Cost-benefit analysis requires clear statement for Mainz
A decade full of dedication and passion for international rapid chess has come to an end in Mainz. A splendid decade from 2001 to 2010 with ground-breaking innovations in tournament organization for world class players and amateurs alike and the “Mainz System” Chess960, based on the ideas of the American World Champion Robert James “Bobby” Fischer, made the distinction between the Chess Classic and other classical tournaments. Speed and entertainment, service and amenities for the spectators and participants were the ingredients of a unique merger that took place once a year between the 2000-year old royal game and the ancient city of Mainz. The main goal of the organizers back in 1994 was to connect the small world of chess with everyday society. Explaining the complex game of chess to a bigger audience, for chess amateurs and laymen with the use of modern technology was the next step, which was thoroughly and systematically implemented in the event. This yearly meeting place for chess players was highly appreciated by professionals and amateurs and the Chess Classic became a nationally and internationally renowned event, without a doubt one of the highlights on the international chess calendar. The clarity and reliability of the annual world championships in rapid chess and Chess960 and the clear qualification rules in the open tournaments was appreciated by everyone – over the years the organizers had created their own brand.
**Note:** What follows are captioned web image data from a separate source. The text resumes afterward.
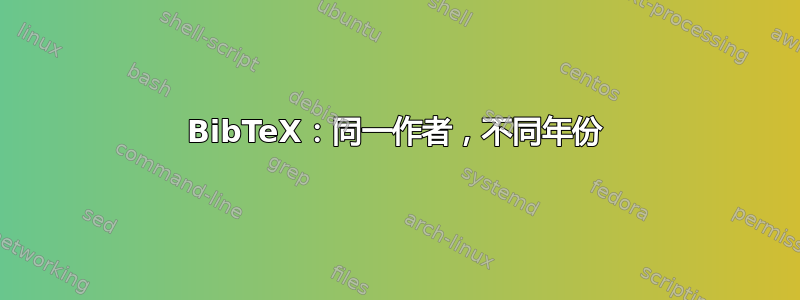 BibTeX：同一作者，不同年份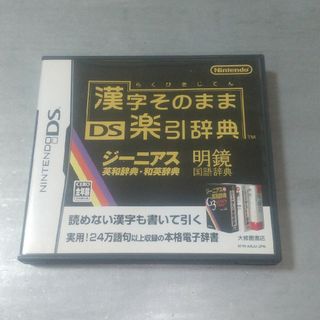 ニンテンドウ(任天堂)の漢字そのままDS楽引辞典 DS(携帯用ゲームソフト)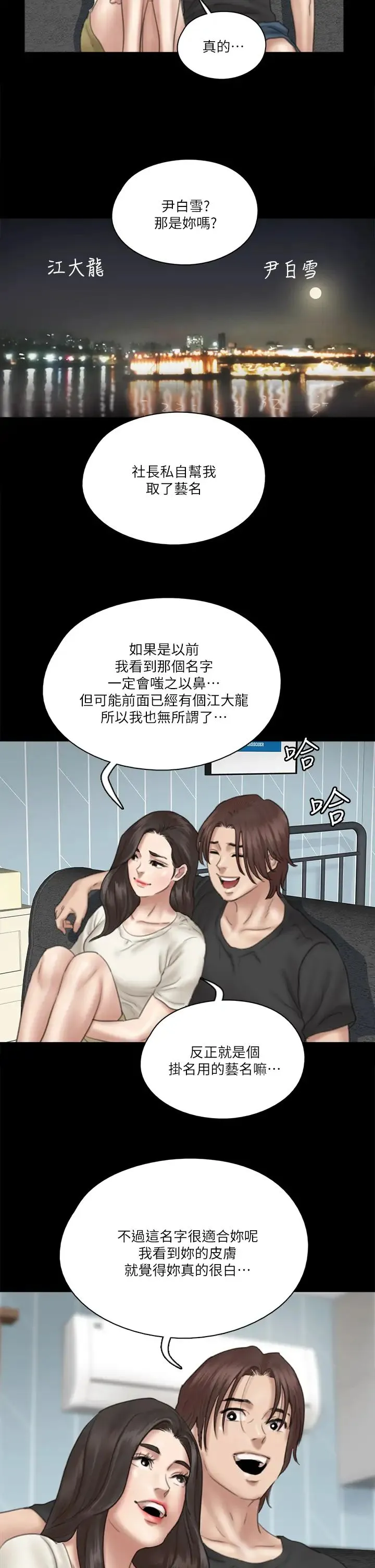 偶像女优 第21话 看自己拍的电影更有感觉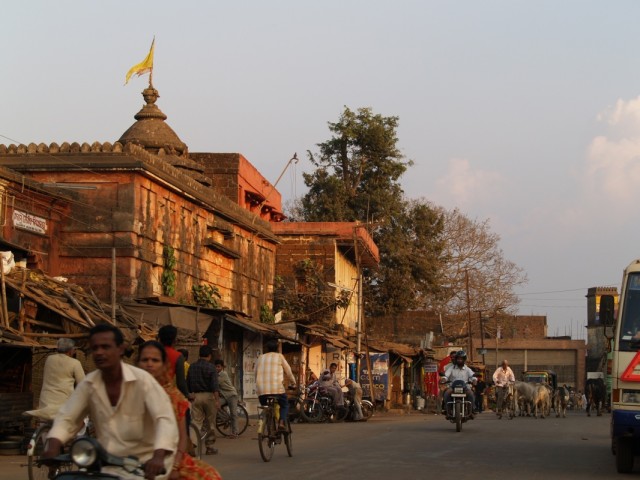 Бхубанешвар Бхубанешвар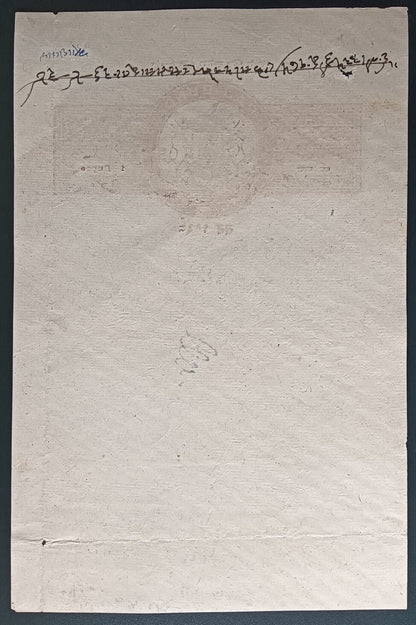 India BUNDI STATE stamp papers to 10R (8)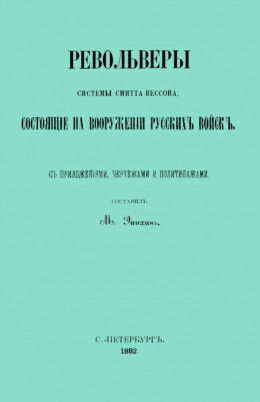 Револьверы Смитта-Вессона, состоящiе на вооруженiи русскихъ войскъ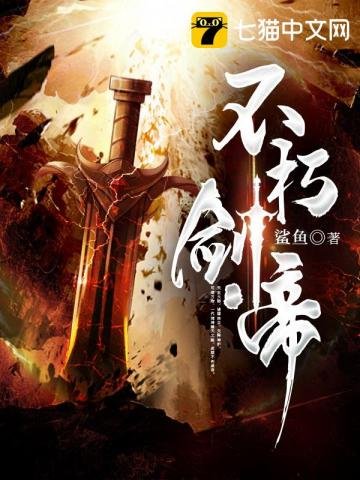 《不朽剑帝》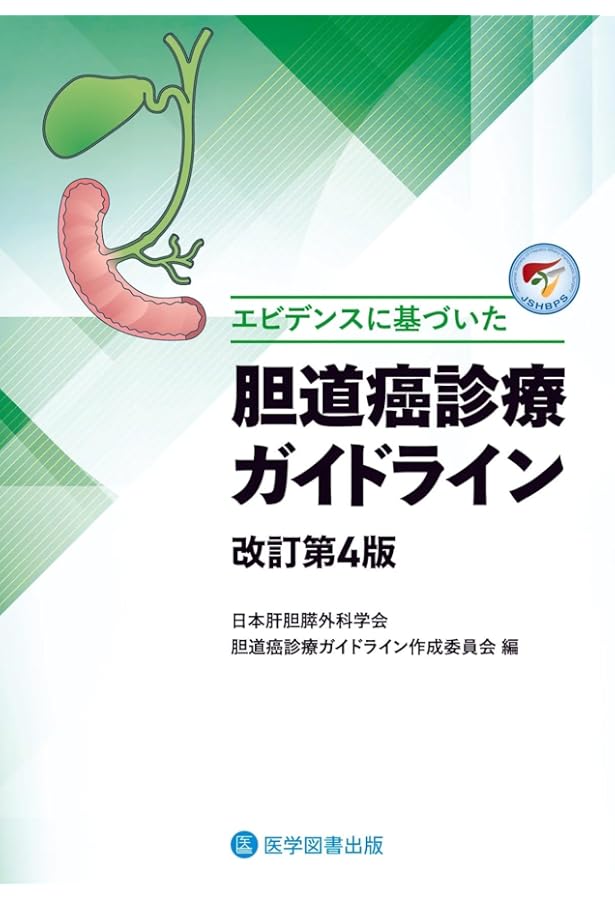 実況カンファレンス 胆膵診療エキスパートの“勘どころ” | 中井陽介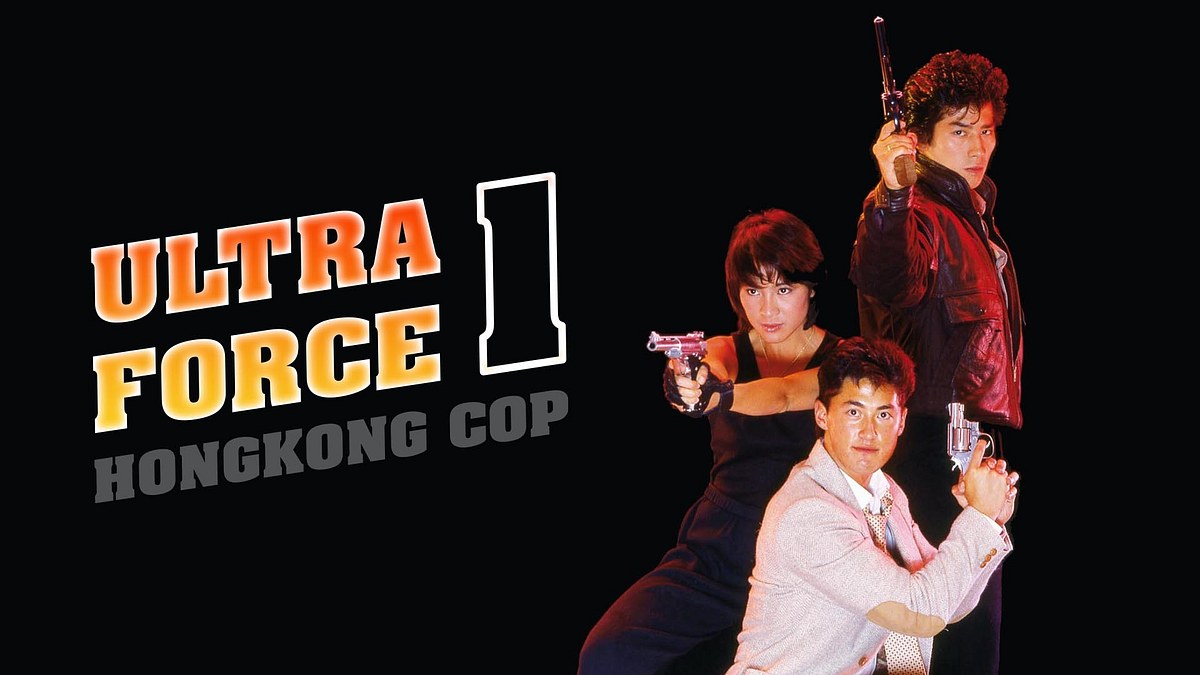 Hongkong-Cop - Im Namen der Rache hongkong-cop - im namen der rache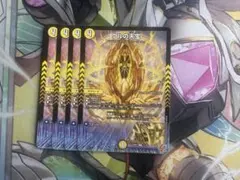 ウルの天宝　4枚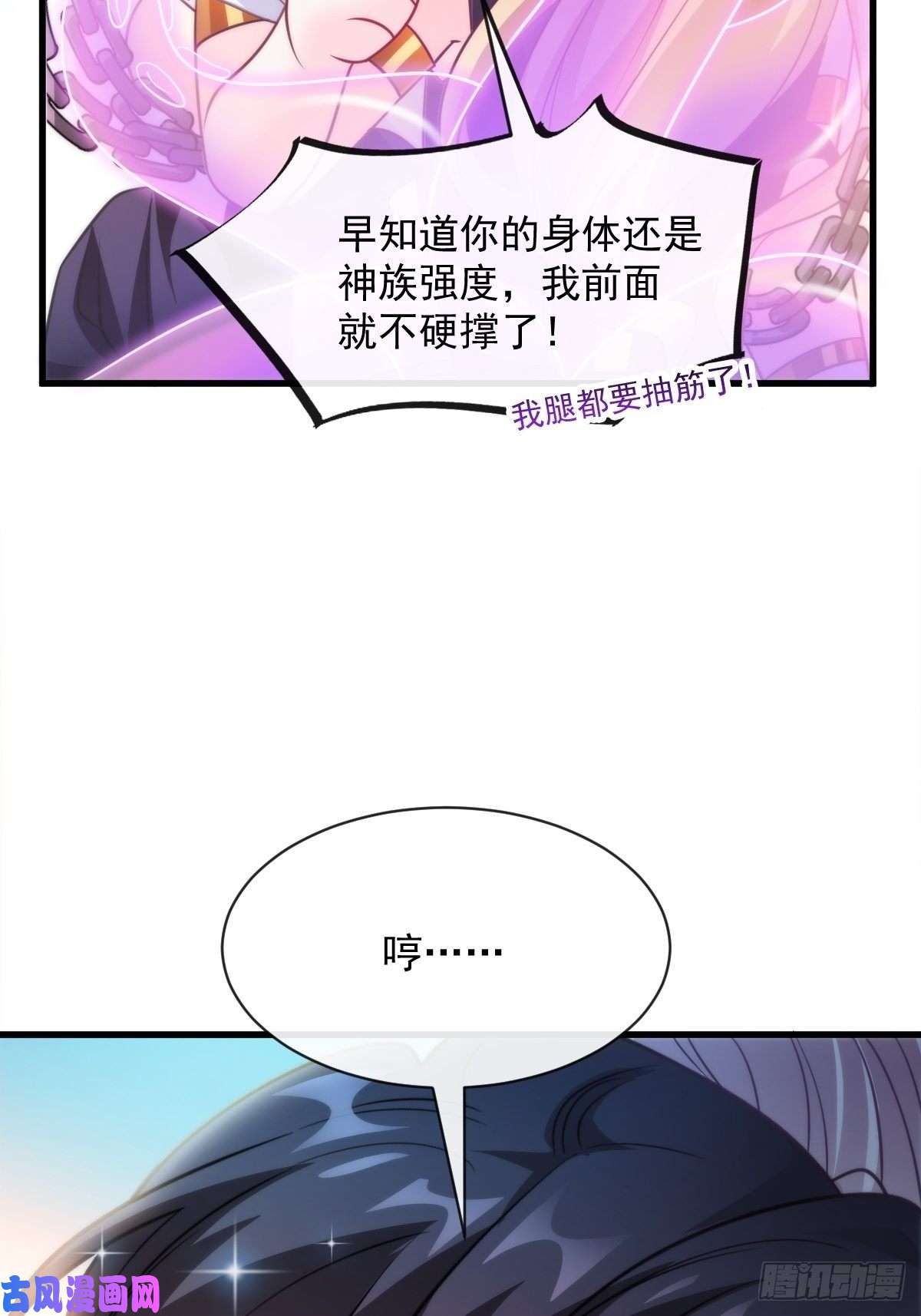 魔神的新娘094 被神族欺负的恋爱体验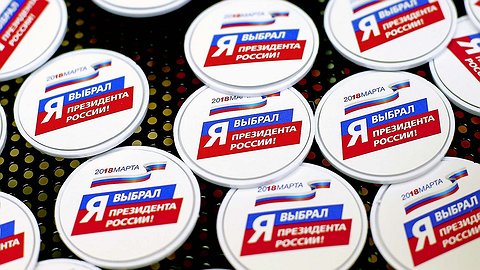 Исторический максимум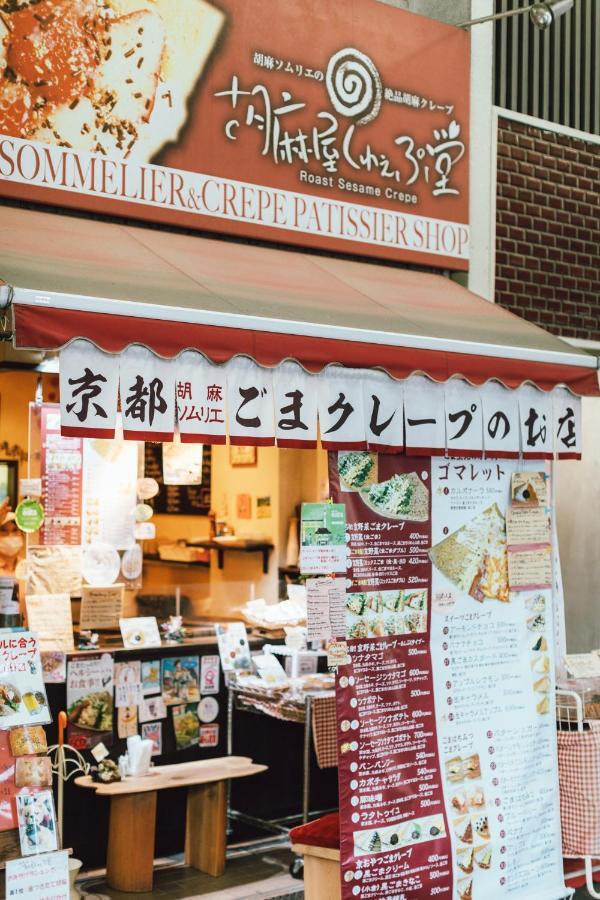 Guest house 谷町君 星hotel 春の華 京都二条城 Kyoto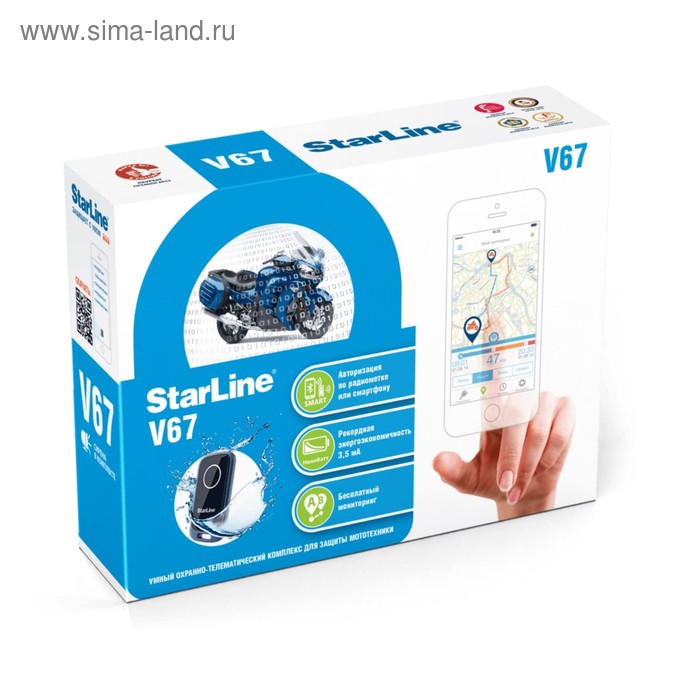 Автосигнализация Starline Moto V67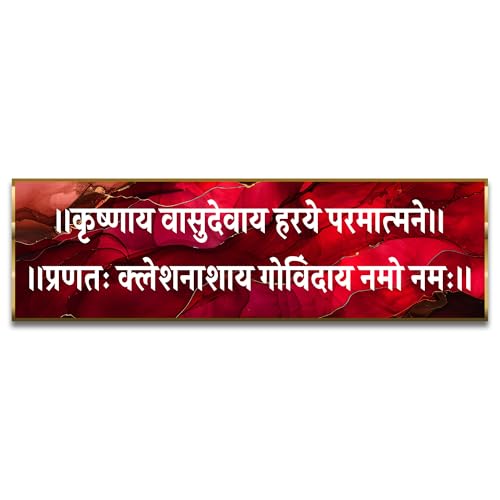 Image of Craftnest Reflections Krishna Vasu Deva Wall Hanging Hindu Quote Frame - 6X20 IN Lord Krishna Sanskrit Mantra Ready To Hang Frames | Spiritual For Home Decor, Living Room, Office D6 (No Front Mirror)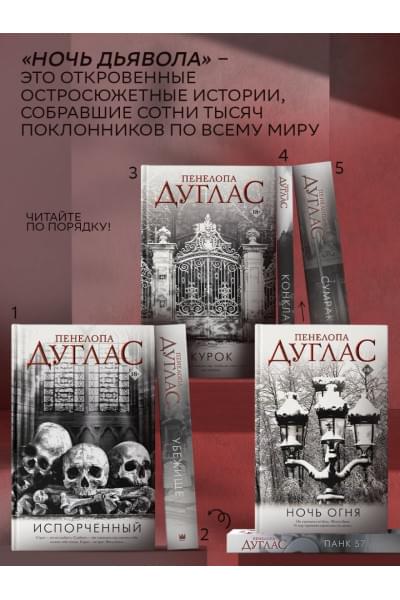 Дуглас Пенелопа: Сумрак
The Chess Classic atmosphere with the spacious Rheingoldhalle, Congress Centre and Hilton Mainz, on the banks of the river Rhine, but still in the centre of the city Mainz was perfect and unparalleled for a top-class and mass sports event.
If all the conditions in Mainz are perfect: why on earth will there be no next tournament, numerous friends of the Chess Classic are bound to ask? And it is a justified question. Maybe the answer of Vladimir Kramnik back in 2001, who was chess world champion at that time after his heroic win over Gary Kasparov, comes closest to the truth. During the Champions Dinner, one of the main sponsors of the event asked him: “How important is this first and unique match with the Fide world champion Viswanathan Anand from India, here in Mainz?” The answer was: “Not so important, this is just a rapid chess match”.
The city of Mainz, its Lord Mayor Jens Beutel and the Chess Tigers e.V. with its chairman Hans-Walter Schmitt would like to thank the long-time sponsors, players and spectators, the international journalists and many volunteers in this seventeen breathtakingly years that rushed past. We have shaped and organized the event seven years in Frankfurt, followed up by ten years in Mainz with inspiration and expertise. We have put our heart and passion into the Chess Classic. There is a quote by the Austrian dramatist and novelist Arthur Schnitzler, which says it all: “Am Ende gilt doch nur, was wir getan und gelebt – und nicht, was wir ersehnt haben.“ (“In the End, all that matters is what we have done and lived – not what we have longed for”)
We would like to apologize to our champions because there will be no title matches in 2011. However, should a “white knight” show up, who wants to grant the Chess Classic a secure financial future, the Chess Tigers are ready to go!